- Exercise goal: Restate the listing below word for word. No picture belongs in the result.

- Supplied data:

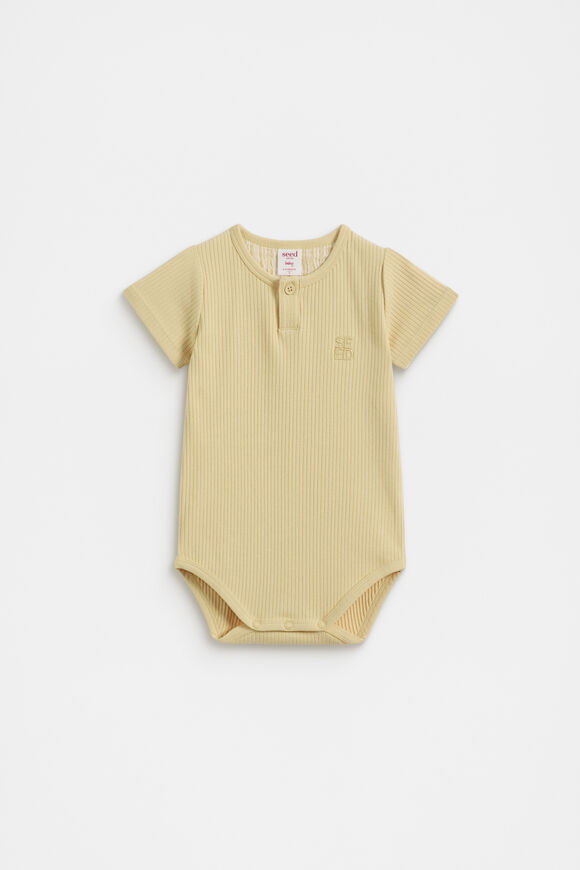 Henley Logo Bodysuit  Honey  hi-res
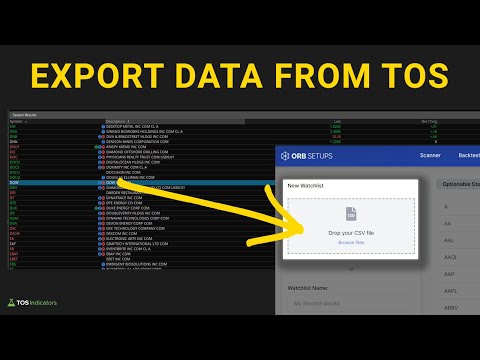 How to Export ThinkOrSwim Chart Data to a CSV File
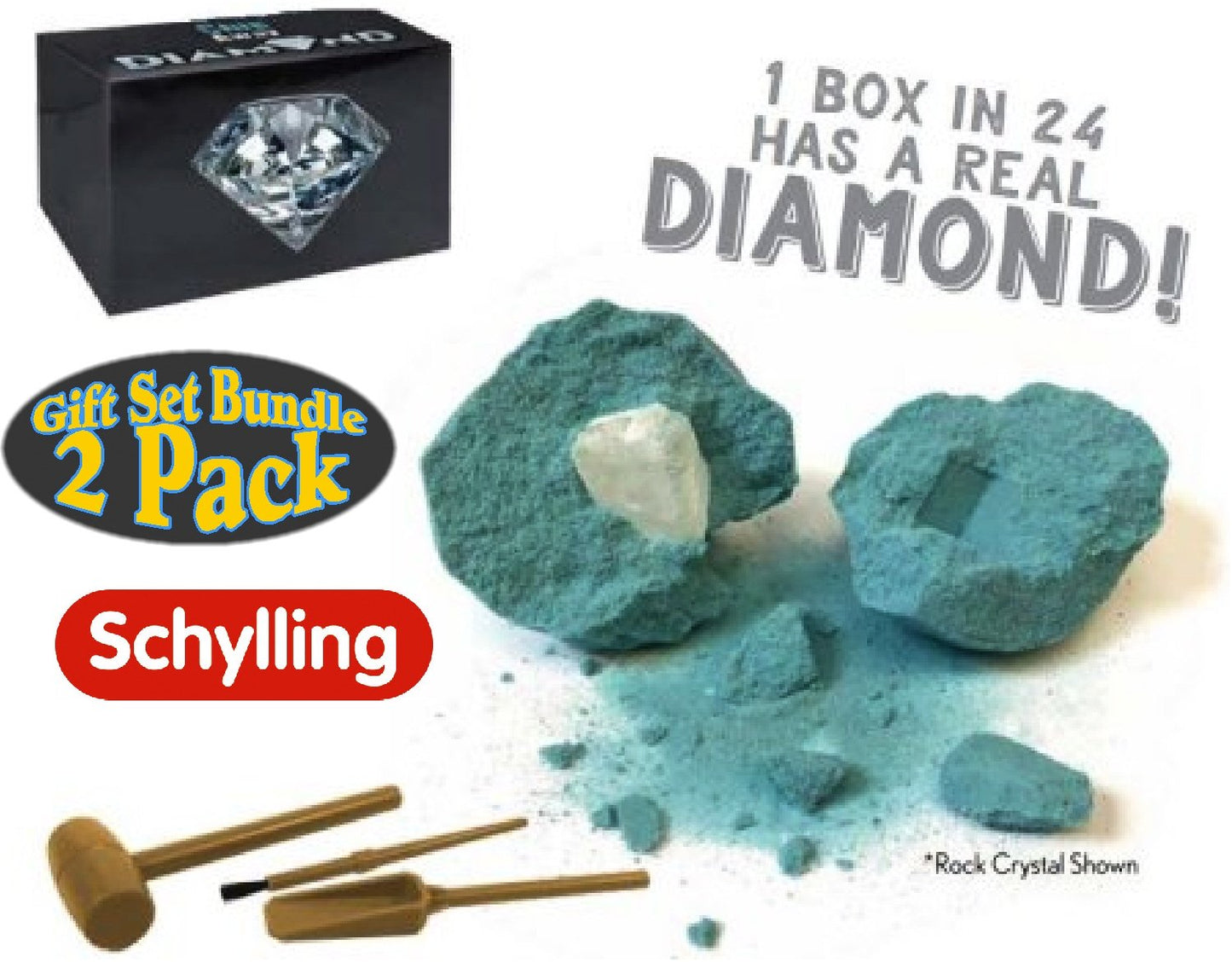 Schylling Chip Away Science Digs Gold & Diamond Gift Set Bundle - 2 Pack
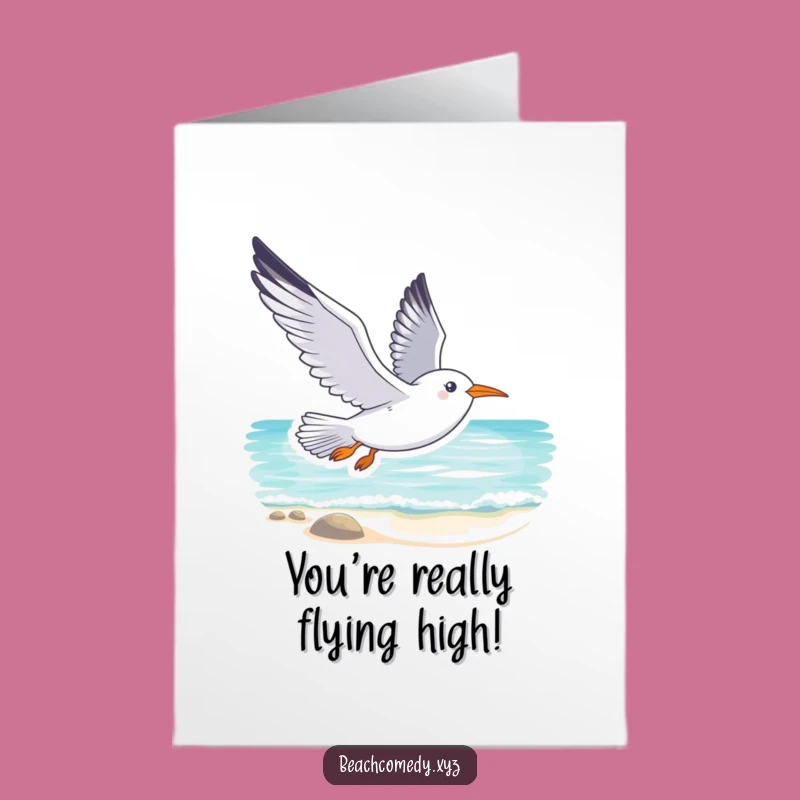 Free Printable Congrats Card: Smiling Seagull Soaring, Relaxing Downloadable Gift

- Exercise output:
 Henley Logo Bodysuit  Honey  hi-res
 How to Export ThinkOrSwim Chart Data to a CSV File
 Schylling Chip Away Science Digs Gold & Diamond Gift Set Bundle - 2 Pack
 Free Printable Congrats Card: Smiling Seagull Soaring, Relaxing Downloadable Gift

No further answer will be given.